____ Provided records

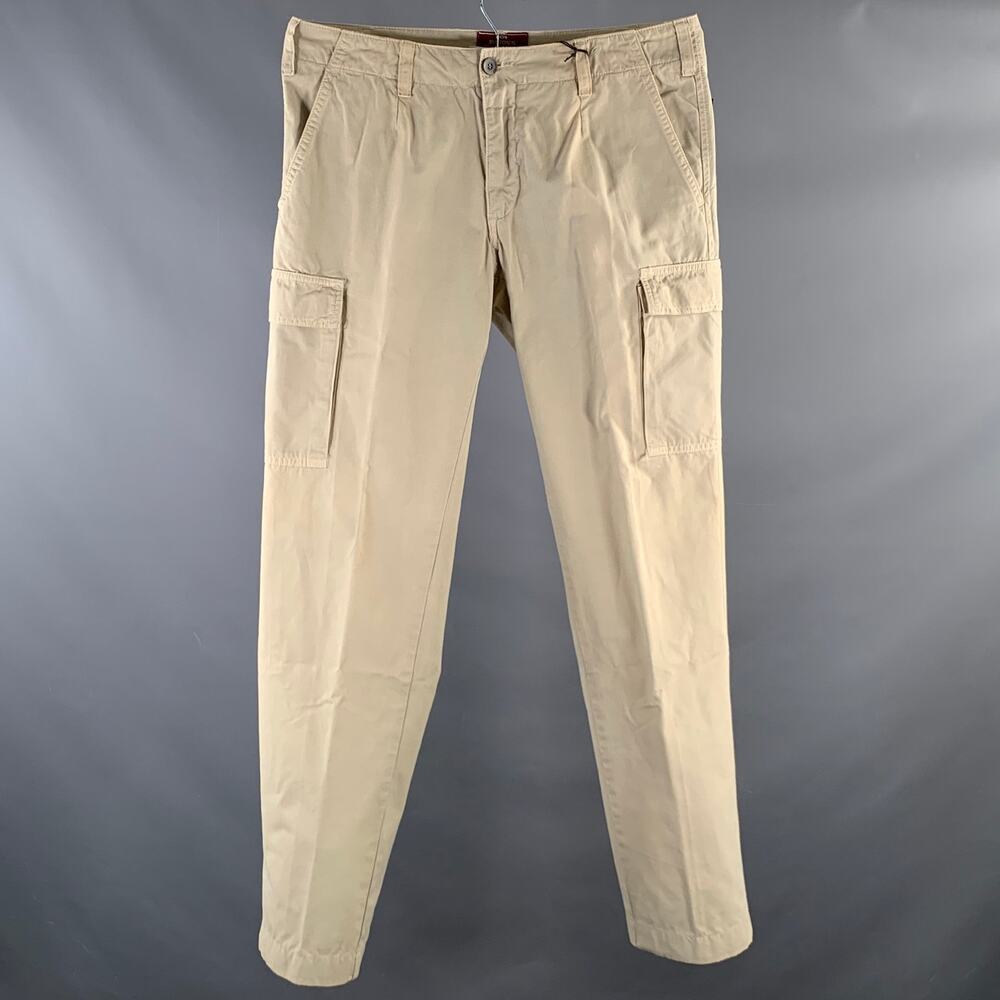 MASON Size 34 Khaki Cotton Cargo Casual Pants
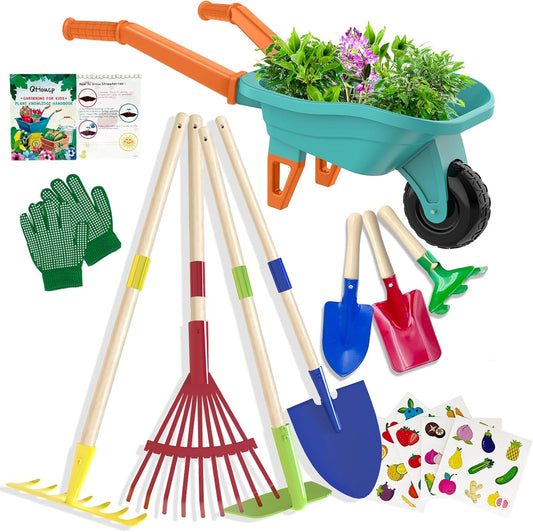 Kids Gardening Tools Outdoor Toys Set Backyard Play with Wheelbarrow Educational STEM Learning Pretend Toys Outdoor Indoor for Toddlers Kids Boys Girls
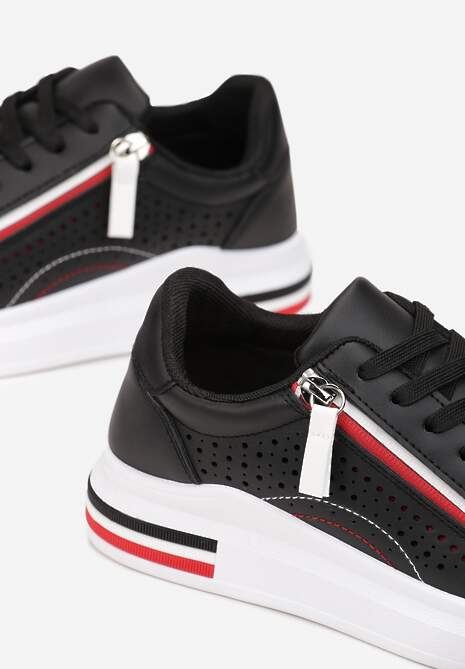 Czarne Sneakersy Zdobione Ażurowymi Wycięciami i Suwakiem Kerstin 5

________
____ Provided records

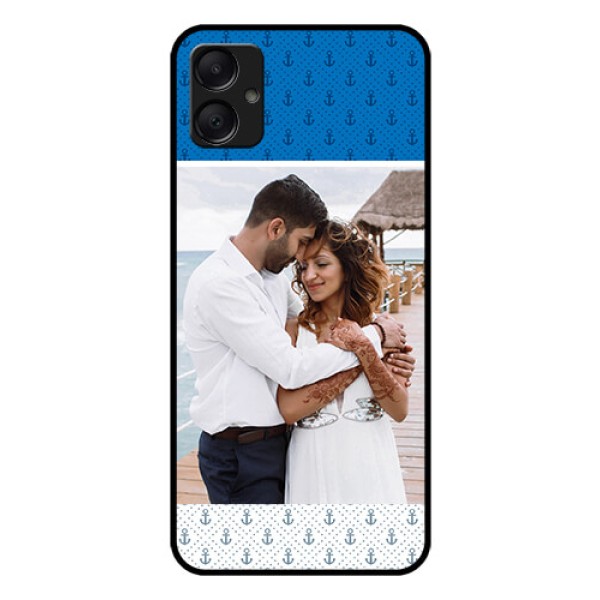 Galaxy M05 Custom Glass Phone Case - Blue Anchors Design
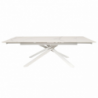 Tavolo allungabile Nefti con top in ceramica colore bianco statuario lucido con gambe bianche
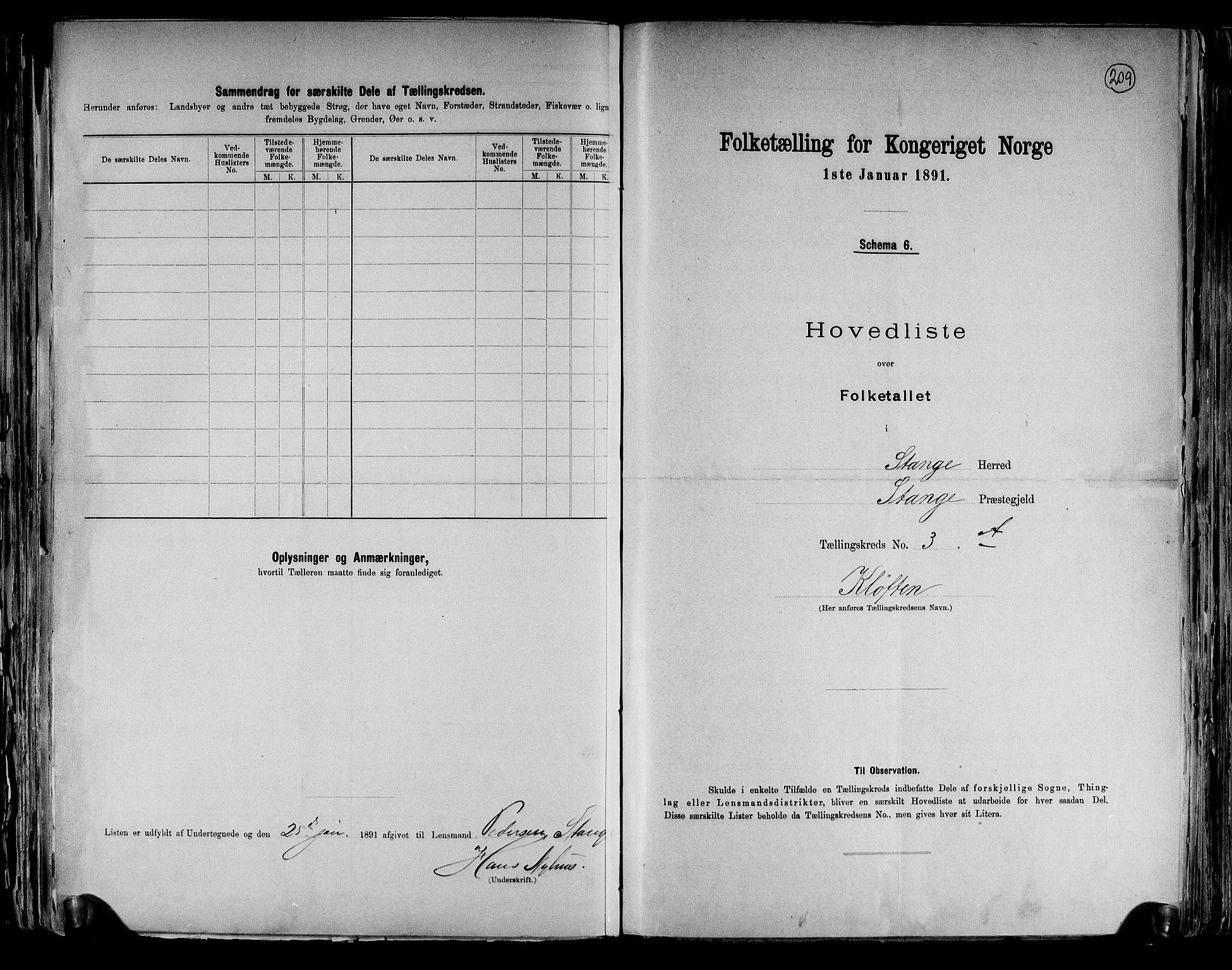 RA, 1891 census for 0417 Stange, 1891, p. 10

________

__Requirement__. Write out the lines above from the one with "Galaxy M05 Custom" through the one with "RA, 1891 census for 0417 Stange, 1891, p. 10", ends included, exactly; no picture goes in.

__Solution__.
 Galaxy M05 Custom Glass Phone Case - Blue Anchors Design
 Tavolo allungabile Nefti con top in ceramica colore bianco statuario lucido con gambe bianche
 RA, 1891 census for 0417 Stange, 1891, p. 10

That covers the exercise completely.